Meski mengandung risiko politik, praktik pengumpulan intelijen akan tetap berlangsung, yang selain didukung alat seperti balon atau pesawat dan satelit, juga oleh interaksi manusia.
Oleh
Redaksi
·2 menit baca
Berita tentang penembakan balonmata-mataChina oleh jet tempur F-22 Amerika Serikat menjadi bacaan menarik selama beberapa hari terakhir.
Jagat spionase merupakan bagian tak terpisahkan dalam hubungan internasional. Hal ini berlaku tak hanya terbatas pada negara yang bermusuhan, tetapi juga negara yang memiliki hubungan baik. Masih teringat, bagaimana industri penerbangan Amerika Serikat (AS) absen dari Pameran Kedirgantaraan Le Bourget, Paris, 1993, dengan alasan pameran ini menjadi ajang mata-mata militer.
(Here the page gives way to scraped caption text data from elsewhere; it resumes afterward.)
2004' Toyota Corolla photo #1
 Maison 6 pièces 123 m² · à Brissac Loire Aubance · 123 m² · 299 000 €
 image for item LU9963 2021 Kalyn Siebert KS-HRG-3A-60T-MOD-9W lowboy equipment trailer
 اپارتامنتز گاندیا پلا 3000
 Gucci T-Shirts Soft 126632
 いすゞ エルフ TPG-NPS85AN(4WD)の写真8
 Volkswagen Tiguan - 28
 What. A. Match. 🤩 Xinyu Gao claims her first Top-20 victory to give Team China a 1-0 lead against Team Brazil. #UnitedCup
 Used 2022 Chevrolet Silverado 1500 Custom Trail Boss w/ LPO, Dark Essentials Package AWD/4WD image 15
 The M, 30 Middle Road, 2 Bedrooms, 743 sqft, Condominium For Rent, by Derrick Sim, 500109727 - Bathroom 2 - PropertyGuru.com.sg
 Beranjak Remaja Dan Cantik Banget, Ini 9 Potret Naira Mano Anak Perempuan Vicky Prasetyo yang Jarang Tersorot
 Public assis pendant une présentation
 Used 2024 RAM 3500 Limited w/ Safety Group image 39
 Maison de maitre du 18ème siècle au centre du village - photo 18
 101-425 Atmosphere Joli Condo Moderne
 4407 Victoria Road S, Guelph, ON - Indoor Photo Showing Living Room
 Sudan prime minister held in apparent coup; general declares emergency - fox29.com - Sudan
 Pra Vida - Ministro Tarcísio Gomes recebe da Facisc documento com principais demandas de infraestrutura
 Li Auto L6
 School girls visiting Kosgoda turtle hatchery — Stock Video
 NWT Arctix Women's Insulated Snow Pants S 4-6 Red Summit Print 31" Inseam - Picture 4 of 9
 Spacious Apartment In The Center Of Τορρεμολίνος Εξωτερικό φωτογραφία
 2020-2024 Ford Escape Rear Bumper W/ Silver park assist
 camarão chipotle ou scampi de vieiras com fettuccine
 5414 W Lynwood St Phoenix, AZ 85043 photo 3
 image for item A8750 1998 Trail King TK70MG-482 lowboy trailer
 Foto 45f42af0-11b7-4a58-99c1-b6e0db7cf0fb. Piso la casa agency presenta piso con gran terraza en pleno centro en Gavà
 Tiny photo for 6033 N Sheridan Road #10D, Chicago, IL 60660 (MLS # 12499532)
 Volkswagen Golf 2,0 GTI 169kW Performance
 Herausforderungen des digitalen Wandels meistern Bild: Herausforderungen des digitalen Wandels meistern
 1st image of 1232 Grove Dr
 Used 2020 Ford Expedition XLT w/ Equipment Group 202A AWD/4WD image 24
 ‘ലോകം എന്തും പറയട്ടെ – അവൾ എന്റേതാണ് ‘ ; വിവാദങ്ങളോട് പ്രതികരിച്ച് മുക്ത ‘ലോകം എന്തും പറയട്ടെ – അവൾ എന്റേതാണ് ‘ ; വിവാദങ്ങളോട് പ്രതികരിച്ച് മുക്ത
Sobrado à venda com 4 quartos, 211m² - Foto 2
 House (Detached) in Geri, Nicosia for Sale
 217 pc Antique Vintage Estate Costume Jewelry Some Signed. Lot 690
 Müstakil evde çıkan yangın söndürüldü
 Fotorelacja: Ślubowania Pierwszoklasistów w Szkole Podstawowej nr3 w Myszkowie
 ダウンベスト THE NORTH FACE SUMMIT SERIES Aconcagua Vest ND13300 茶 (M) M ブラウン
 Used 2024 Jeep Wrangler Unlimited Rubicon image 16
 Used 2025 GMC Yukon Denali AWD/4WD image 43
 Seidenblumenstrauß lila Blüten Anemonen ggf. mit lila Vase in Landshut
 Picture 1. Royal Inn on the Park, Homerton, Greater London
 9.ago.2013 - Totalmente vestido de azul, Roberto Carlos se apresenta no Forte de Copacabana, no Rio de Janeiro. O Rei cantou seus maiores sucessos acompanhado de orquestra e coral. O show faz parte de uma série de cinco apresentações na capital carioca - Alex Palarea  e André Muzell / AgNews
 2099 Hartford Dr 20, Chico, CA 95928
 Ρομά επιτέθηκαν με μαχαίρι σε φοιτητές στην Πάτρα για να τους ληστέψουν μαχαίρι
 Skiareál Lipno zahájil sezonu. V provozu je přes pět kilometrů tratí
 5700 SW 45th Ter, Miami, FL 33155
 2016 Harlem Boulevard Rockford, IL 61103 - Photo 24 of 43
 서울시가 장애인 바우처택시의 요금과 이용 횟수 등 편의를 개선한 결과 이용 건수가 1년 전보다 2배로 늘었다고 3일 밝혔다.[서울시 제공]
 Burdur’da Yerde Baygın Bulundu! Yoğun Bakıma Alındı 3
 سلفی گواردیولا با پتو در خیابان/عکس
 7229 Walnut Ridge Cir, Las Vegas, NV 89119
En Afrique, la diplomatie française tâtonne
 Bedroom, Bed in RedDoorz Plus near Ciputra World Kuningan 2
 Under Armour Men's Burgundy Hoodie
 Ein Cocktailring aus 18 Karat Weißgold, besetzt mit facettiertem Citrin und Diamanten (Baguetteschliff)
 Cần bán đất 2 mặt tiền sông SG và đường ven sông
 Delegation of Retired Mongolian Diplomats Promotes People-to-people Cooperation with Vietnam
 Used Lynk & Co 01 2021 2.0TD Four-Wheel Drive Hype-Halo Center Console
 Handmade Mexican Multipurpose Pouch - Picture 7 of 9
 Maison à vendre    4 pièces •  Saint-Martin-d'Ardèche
Pada kasus terakhir, balon tak hanya diterbangkan ke wilayah AS, tetapi juga ke wilayah negara lain, seperti Amerika Tengah dan Amerika Selatan (New Scientist, 10/2/2023). Terakhir bahkan muncul laporan, balon serupa teramati di Jepang tahun 2020 dan 2021, juga di atas Taipei dan India.
Muncul pertanyaan, mengapa setelah ada teknologi satelit mata-mata, China masih menggunakan balon? Penggunaan balon sudah tercatat dalam sejarah spionase dan peperangan. Bahkan, balon untuk sinyal militer sudah ada lebih dari 1.000 tahun, sementara balon pengamatan Perancis sudah digunakan di Pertempuran Fleurus tahun 1794.
Seperti halnya China, AS juga menggunakan pelbagai sarana teknologi guna mengumpulkan intelijen terhadap lawan potensial. Tak sedikit di antara beragam wahana itu memiliki kemampuan tumpang tindih. AS masih menggunakan pesawat U2 bertahun-tahun setelah memanfaatkan satelit.
Balon disebut memiliki kelebihan dalam mengangkut muatan (peralatan). Faktor lain, balon tak membutuhkan awak. Hal ini bisa mengurangi risiko politik jika ada balon yang terdeteksi atau ditembak jatuh.
Seperti halnya pesawat mata-mata U2 AS yang memiliki berbagai sensor dan muatan lain untuk berbagai misi, balon bisa digunakan untuk mengambil gambar/citra, baik dalam spektrum gelombang tampak maupun tak tampak, secara pasif mengumpulkan komunikasi elektronik atau mengumpulkan informasi lain yang lalu dipancarkan ke satelit negaranya. Disebutkan balon China dapat menyergap komunikasi telepon seluler dari staf di pangkalan militer.
Penembakan balon mata-mata yang diklaim sebagai balon penelitian cuaca oleh China mengingatkan orang pada penembakan pesawat U2 AS yang terbang di atas wilayah Uni Soviet pada tahun 1960.
Semua itu menyadarkan kita, aktivitas pengumpulan intelijen masih dan akan terus berlangsung. Melalui balon, China juga menguji kemampuan sistem pertahanan udara AS.
Ketika U2 berhasil ditembak jatuh, AS masih mempunyai jet mata-mata SR-71 Blackbird berkecepatan lebih dari tiga kali kecepatan suara dan terbang di ketinggian tak kurang 100.000 kaki sehingga tak ada rudal yang mampu mengejarnya.
Akhirnya, meski mengandung risiko politik, praktik pengumpulan intelijen akan tetap berlangsung, yang selain didukung alat seperti balon atau pesawat dan satelit juga oleh interaksi manusia. Setiap negara akan terus berusaha mencari keunggulan melalui informasi intelijen.